LIPPSTADT, Germany — HELLA, an internationally positioned automotive supplier and a company of Group FORVIA, in July announced it was well into development of the first series-production brake pedal system for brake-by-wire (BBW) configurations.
Tim Martikke, Hella’s Global Director Program Management Pedals and responsible for both this product and the similar sensor-based accelerator-pedal system, recently spent a few minutes discussing Hella’s entry into the brake-by-wire universe with The BRAKE Report.
According to Martikke, the industry is moving to electronic activation of braking, as it has already moved on the acceleration side of the equation (drive-by-wire). HELLA’s success in that segment has made the expansion into braking natural.
“OEMs want to go either into electro-hydraulic or electro-mechanical braking systems” along with the drive-by-wire which “have different advantages be it no leakage of fuels anymore into the car; reduction of weight; maintenance free, and so forth,” said the executive. “But at the end, both systems need something to trigger the system, and this is an electronic signal.
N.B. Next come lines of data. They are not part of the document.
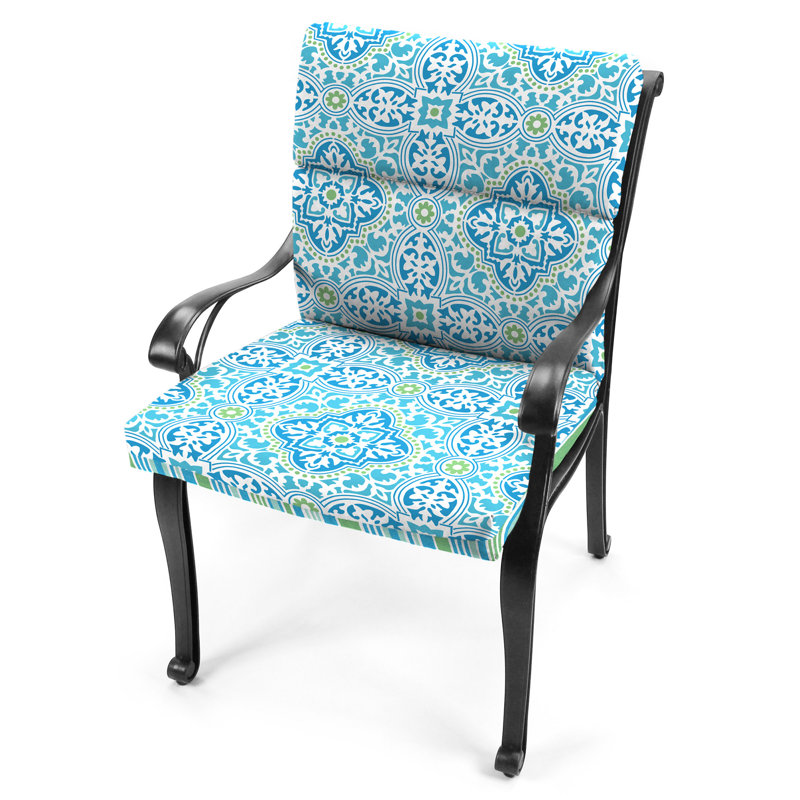 22" x 44" Outdoor Chair Cushion with Ties and Loop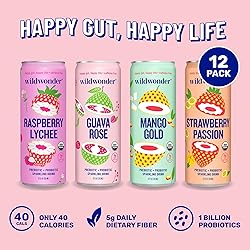 wildwonder Sparkling Probiotic Drink 12pk, For Gut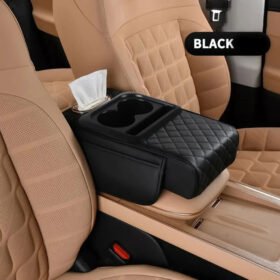 Car armrest box in black, grey, orange and black-red colors – PTMYLE KSA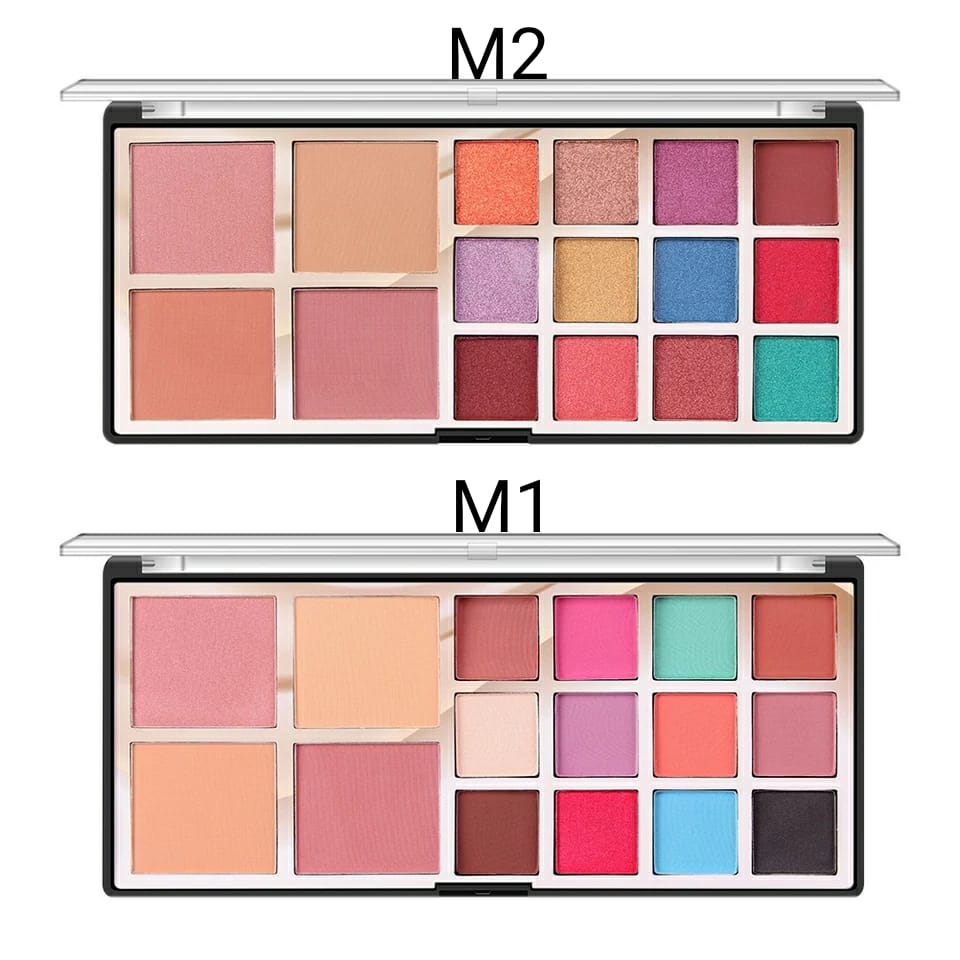 Miss Rose 16 Color 3 in 1 Eye Shadow,  Blush &  Powder Palette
And this signal comes from us.”
HELLA already has a major position in the drive-by-wire market, which puts it into excellent position for expanding into braking.
“Why we are so successful for the accelerating pedal is that we have a global footprint, a network in all regions. We are market leader with roughly 40 to 45 percent of (electronic) accelerator pedals worldwide.”
He explained that HELLA understands what the OEM customer wants and expects in terms of a pedal from its drive-by-wire experience.
“And I can just say already from multiple samples which we provide to multiple customers [to evaluate], I think this is one of the best feedback (measures) that we get, it feels like a normal pedal,” reported Martikke.
Which of course, is the goal, to make the operation of the brake-by-wire system as seamless for the consumer as possible.
There are no systems in mass production as yet, but Martikke expects that to change by mid-decade, beginning with electro-hydraulic and/or electro-mechanical systems which use pedals with sensors.
“So, our assumption is it starts with a combination and to also have fallback solutions when something does not work properly. So, it starts with the electro-hydraulic system in different cars in different markets. And yeah, so this is something we see roughly by the end of 2025 beginning of 2026.”